Methods: Pts with progressive mCRPC following taxane and ECOG PS 0 or 1 were eligible. PSMA ADC was administered Q3 week IV for up to eight cycles. Safety, tumor response by prostate-specific antigen (PSA), circulating tumor cells (CTC), imaging, biomarkers and clinical progression were assessed. Dosing was initiated at 2.5 mg/kg and adjustment for tolerability was allowed. Results: Thirty five pts began treatment at 2.5 mg/kg. Due to neutropenia, the remaining 35 pts began at 2.3 mg/kg. All pts received prior docetaxel and abiraterone and/or enzalutamide. Forty one percent also received cabazitaxel. Adverse events (AEs) were consistent with what was seen in phase I; most common significant AEs were neutropenia (grade 4, 6.7% and 11.4% at 2.3 and 2.5 mg/kg, respectively) and peripheral neuropathy (grade 3 or higher, 6.7% (2.3) and 5.7% (2.5)). Two pts at 2.5 mg/kg died of sepsis. 43% of pts at 2.3 and 37% of pts at 2.5 had declines in CTC from 5 or more to less than 5 cells/7.5 ml blood and 57.1% (2.3) and 74.1% (2.5) had 50% or more CTC declines; 26.1% (2.3) and 16.1% (2.5) had PSA declines of 30% or more thus far. PSA and CTC responses were associated with higher PSMA expression on CTC and lower neuroendocrine (NE) markers. The CTC conversion rate (5 or more to less than 5) was approximately 80% in pts with low NE markers. Prior cabazitaxel or abiraterone and/or enzalutamide did not appear to affect response. Centralized assessments of images by RECIST of all pts are currently planned and will be presented. Conclusions: PSMA ADC at 2.3 mg/kg was generally well tolerated in pts with progressive mCRPC previously treated with taxane. Anti-tumor activity, CTC and PSA reductions were observed at 2.3 and 2.5 mg/kg. Updated safety, tumor response and radiographic assessments from the full cohorts of 2.3 and 2.5 mg/kg will be presented. Testing in taxane naïve pts is also ongoing.
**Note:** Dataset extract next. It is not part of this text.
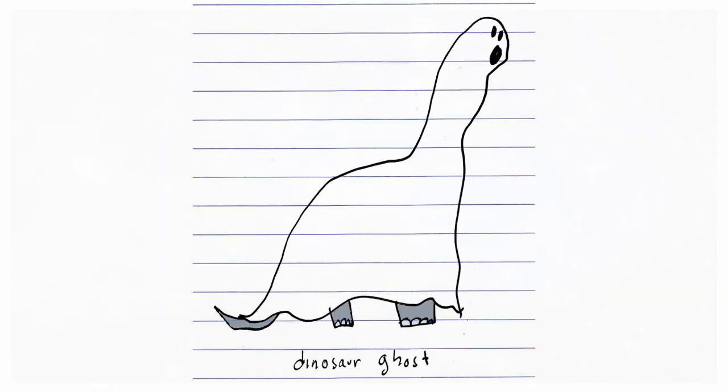Hello there guys and after the last super serious video, today we're talking about ghosts. But not just any ghosts, dinosaur ghosts. Now, let me explain.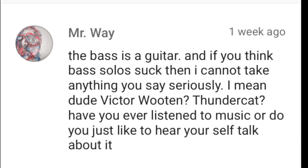Mr. Way writes: The bass is a guitar, and if you think bass solos suck, then I cannot take anything you say seriously. Victor Wooten? Thundercat? Have you ever listened to music, or do you just like to hear yourself talk about it? Yeah, I really can't fault you for that one, because after answering that first question, it really does sound like I enjoy hearing myself talk.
Clinical trial information: NCT01695044.
Abstract from the ASCO-GU doe PSMA-ADC is out and here is the summary of it. Please review it and let me know your insights.
Background: The abundant expression of prostate-specific membrane antigen (PSMA) on prostate cancer cells provides a rationale for antibody therapy. PSMA antibody drug conjugate (ADC) is a fully human antibody to PSMA linked to the microtubule disrupting agent monomethyl auristatin E (MMAE). It binds PSMA and is internalized and cleaved by lysosomal enzymes releasing free MMAE causing cell cycle arrest and apoptosis. We enrolled 70 patients (pts) in a phase II trial of PSMA ADC in taxane-refractory metastatic castration-resistant prostate cancer (mCRPC).
NKTR issued a news release of the special monitor committee told the company to move ahead with the phase 3 trial pending the topline phase 2 result announcement in March. It is almost the same as PGNX.